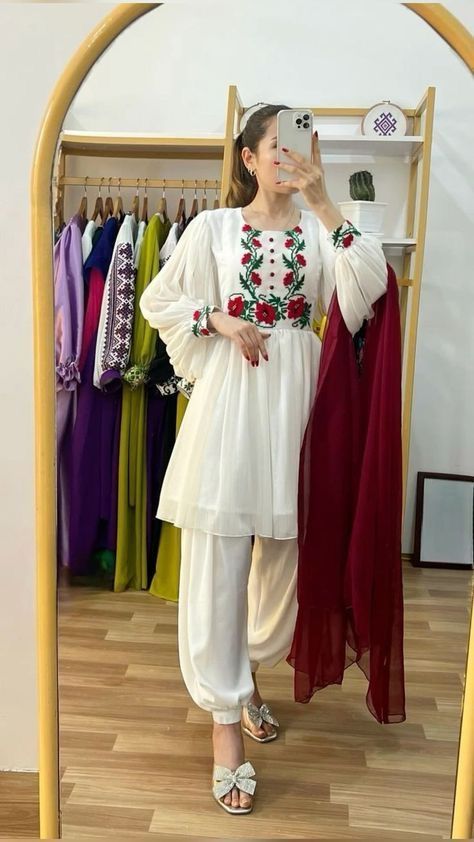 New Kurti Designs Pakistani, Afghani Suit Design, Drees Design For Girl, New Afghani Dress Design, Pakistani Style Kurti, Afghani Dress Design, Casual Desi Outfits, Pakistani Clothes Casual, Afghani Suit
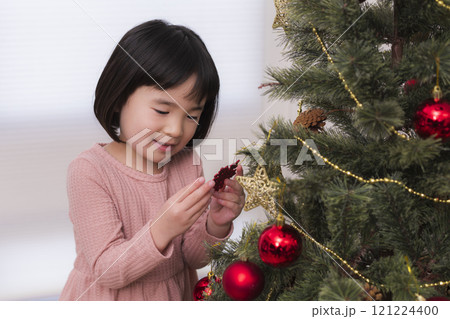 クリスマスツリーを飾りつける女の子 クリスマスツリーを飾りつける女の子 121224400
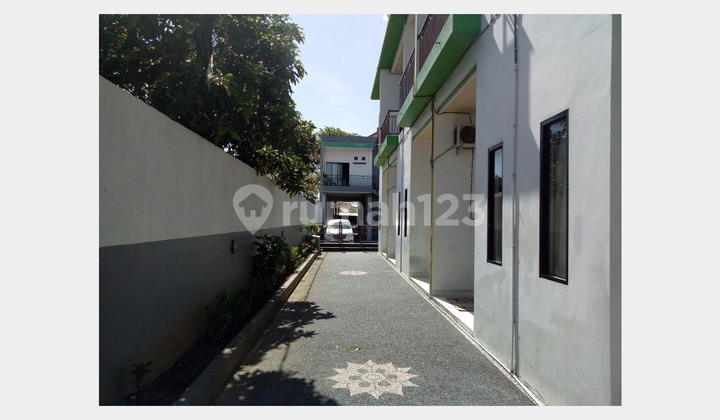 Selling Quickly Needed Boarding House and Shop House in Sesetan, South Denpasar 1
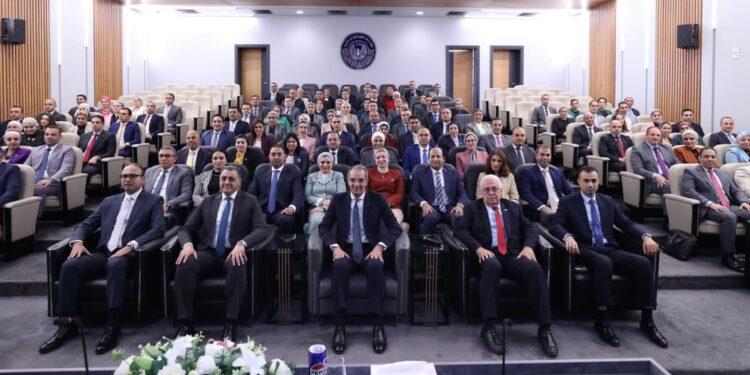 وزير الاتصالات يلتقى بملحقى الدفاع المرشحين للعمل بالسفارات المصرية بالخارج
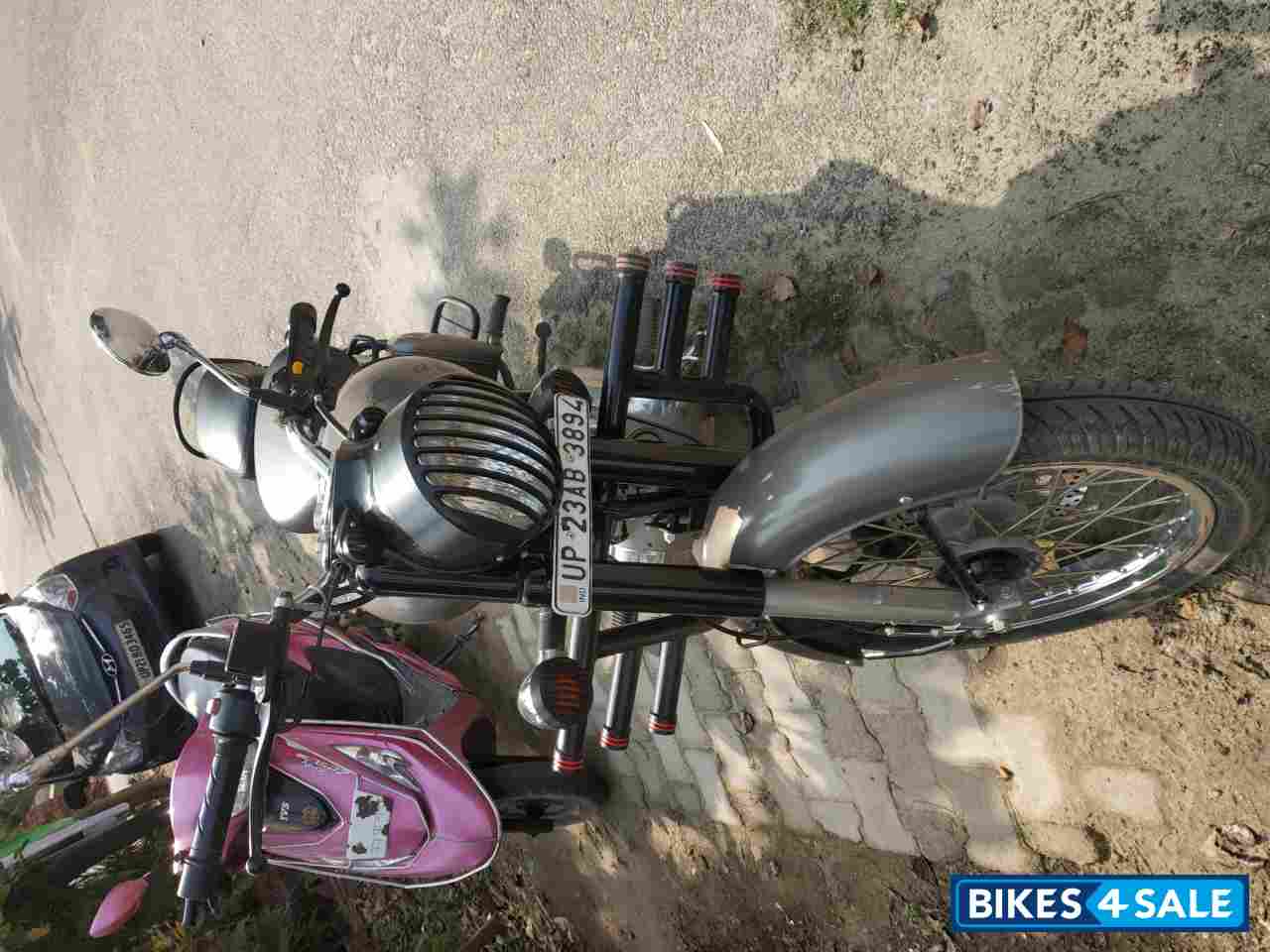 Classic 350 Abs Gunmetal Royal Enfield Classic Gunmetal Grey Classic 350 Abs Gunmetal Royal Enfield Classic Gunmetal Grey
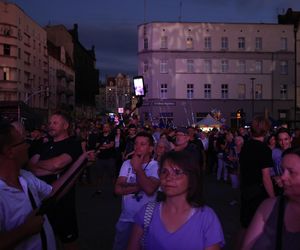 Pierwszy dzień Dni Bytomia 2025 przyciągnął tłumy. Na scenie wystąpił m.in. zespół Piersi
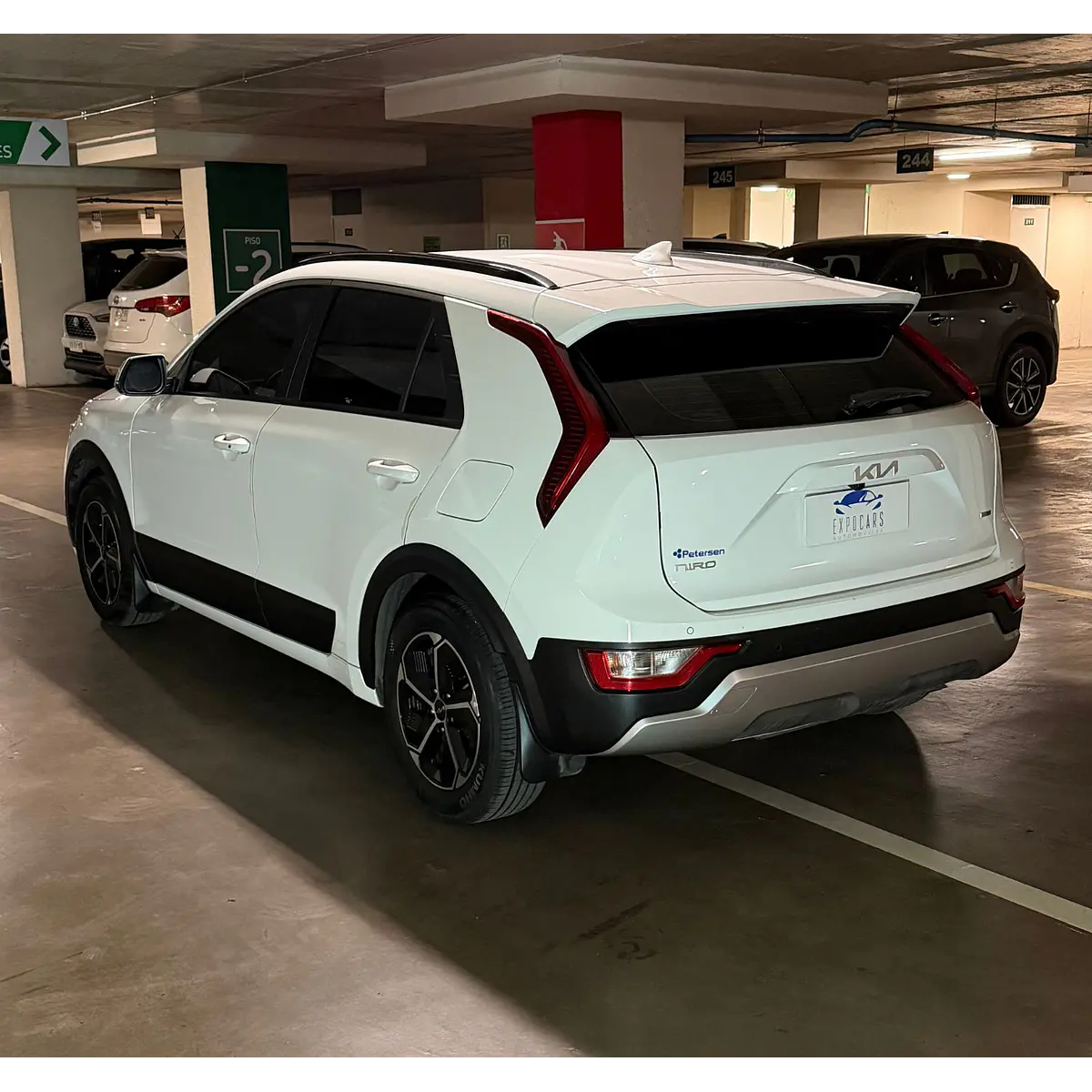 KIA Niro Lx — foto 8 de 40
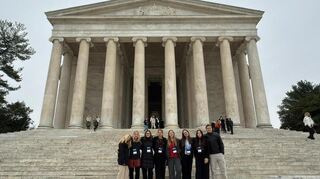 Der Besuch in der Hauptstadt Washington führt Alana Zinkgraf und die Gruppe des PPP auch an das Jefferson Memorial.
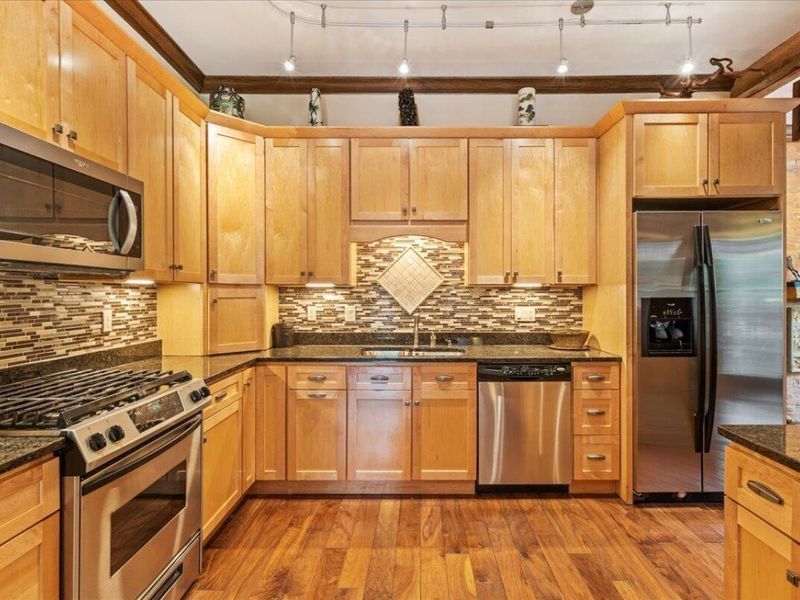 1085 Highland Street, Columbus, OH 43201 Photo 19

HOW TO COMPLETE THIS TASK - If an entry contains a picture, omit it; restate everything else word for word.

ANSWER -
 New Kurti Designs Pakistani, Afghani Suit Design, Drees Design For Girl, New Afghani Dress Design, Pakistani Style Kurti, Afghani Dress Design, Casual Desi Outfits, Pakistani Clothes Casual, Afghani Suit
 クリスマスツリーを飾りつける女の子 クリスマスツリーを飾りつける女の子 121224400
 Selling Quickly Needed Boarding House and Shop House in Sesetan, South Denpasar 1
 وزير الاتصالات يلتقى بملحقى الدفاع المرشحين للعمل بالسفارات المصرية بالخارج
 Classic 350 Abs Gunmetal Royal Enfield Classic Gunmetal Grey Classic 350 Abs Gunmetal Royal Enfield Classic Gunmetal Grey
 Pierwszy dzień Dni Bytomia 2025 przyciągnął tłumy. Na scenie wystąpił m.in. zespół Piersi
 KIA Niro Lx — foto 8 de 40
 Der Besuch in der Hauptstadt Washington führt Alana Zinkgraf und die Gruppe des PPP auch an das Jefferson Memorial.
 1085 Highland Street, Columbus, OH 43201 Photo 19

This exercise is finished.